Yes, 2021 has come and gone and it is not unusual to come across blog posts tagging the new year! While we at Data Insight are also about to share our own cliché yearly article with you, let this serve as a reminder that the Data Science community is an evolving field and the content is only relevant as per the changes that have occurred in the field in the past few months, and will remain relevant for as long as time permits, perhaps just two months or two years!


Having said that, it is good to quickly remind you that as a data scientist, you will ideally not be working alone but rather in a team of other professionals like data engineers, data analyst, cloud engineers, and business developers, and so you do not have to put the whole world on your head! This is essential so that you will not be forced to align with employers that ask for unbelievable skill sets to hire you this year.

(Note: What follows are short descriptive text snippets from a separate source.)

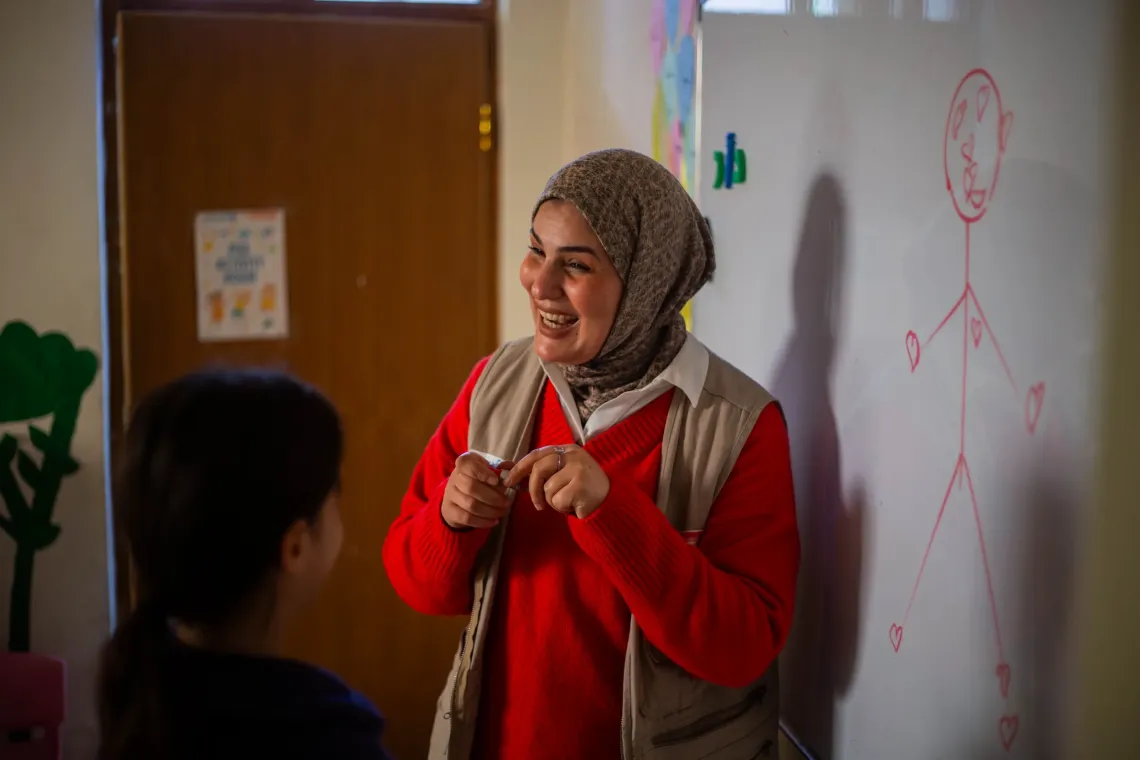 Asemaa supports children through psychosocial activities, drawing on her own experience to help them feel safe and understood.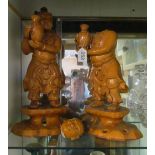 A pair of glazed pottery oriental figures men holding vases (one a/f)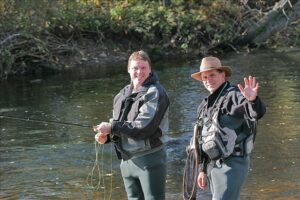 Two anglers wave for the camera as they practice their casting technique.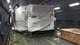 A sonar window dome being transported in a C-5 aircraft, to repair the USS Antietam, a Ticonderoga class cruiser ship which was damaged after running aground in Tokyo Bay, Japan earlier in the year. The Air Force Life Cycle Management Center's Air Transportability Test Loading Activity office located at Wright-Patterson Air Force Base, certified that the load was safe for flight and designed fixtures to restrain and protect it. (courtesy photo)
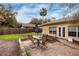 Charming patio with table and chairs, ideal for outdoor dining at 531 Garrard Dr, Temple Terrace, FL 33617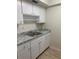Kitchen area with granite-style counter tops, white cabinetry and an open shelf at 1257 Drew St # 15, Clearwater, FL 33755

Now that we have a simple but fairly representative list of what most data scientists do, we can now proceed to how to become one. Also, we will touch on the soft skills first before going into the technical areas.


What Exactly is the Job of Data scientists

  1. Identify problems that when solved create opportunities

  2. Determine the type of data needed and communicate with Data Engineers and other important member to set it up

  3. Access datasets from their storage

  4. Clean and validate the datasets

  5. Carry out data preprocessing such as feature engineering, standardization, etc. as required

  6. Build predictive and/or prescriptive models

  7. Build visualization tools and reports to communicate results


Important Soft Skills

Develop an Analytical Mindset

As stated above, the first and major step towards being a data scientist is to be a problem spotter. Not just any problem though, but one that can open doors to profitable, risk-mitigating, optimal-solution opportunities. And to do this requires that you have that analytical knack or better still develop one. While this may sound a little vague as compared to when you are asked to learn Python or R, you are likely to fall a victim of hot air and end up solving problems that have no real usefulness.

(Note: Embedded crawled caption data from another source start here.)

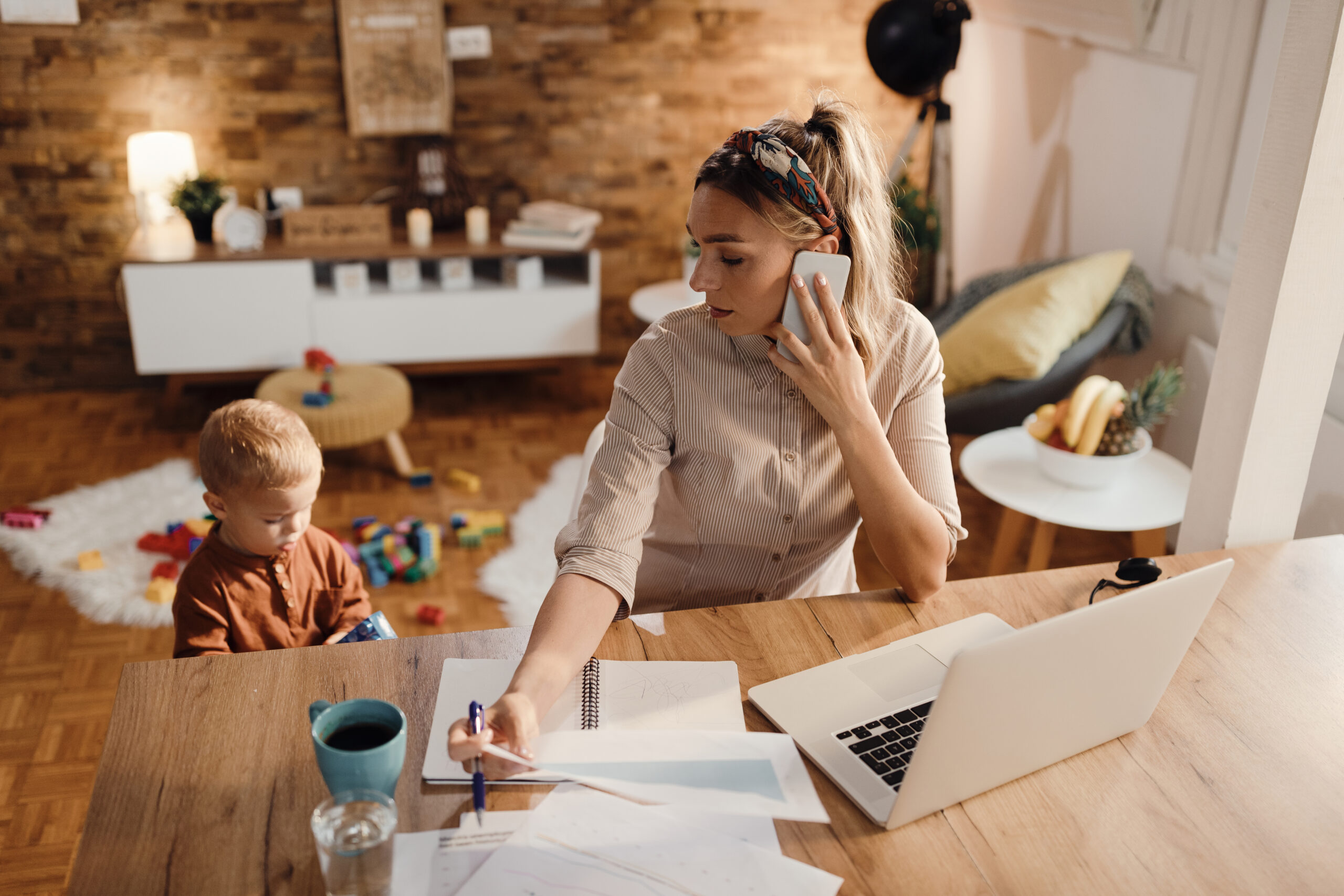 An overwhelmed mother trying to work from home with her toddler.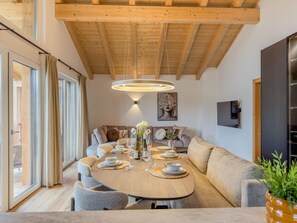 Un comedor moderno con techo de madera, una mesa redonda dispuesta para una comida y un sofá al fondo.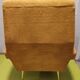 Old velvet heating chair on metal legs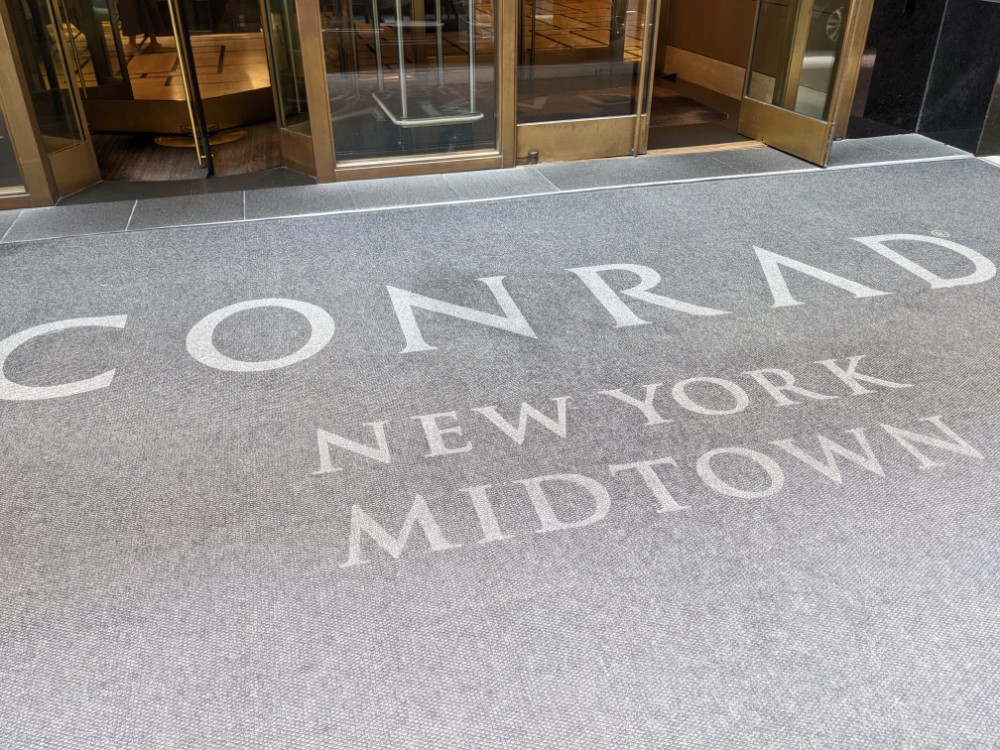 a grey carpet with white text on it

Analytical skills help you think in a stepwise, rational manner which is critical to not just spotting the right problem but knowing how to navigate the solution path.


Activities such as being observant, reading frequently, going beyond the surface to understand how things actually work, and playing brain-teasers are some of the many ways you can improve your analytical powers.


Be Ready to Research for Domain Knowledge

Data Science goes beyond just jumping on data and doing the technical stuff that everybody and MOOCs seem to only talk about. After prepping yourself with the analytical part of problem identification and simplification, you will definitely need to go deeper to understand the subject matter. Except you are some sort of Renaissance man, you obviously cannot be adept in several fields, which, as we have it, is usually the case with Data Science, and Year 2022 will not be different.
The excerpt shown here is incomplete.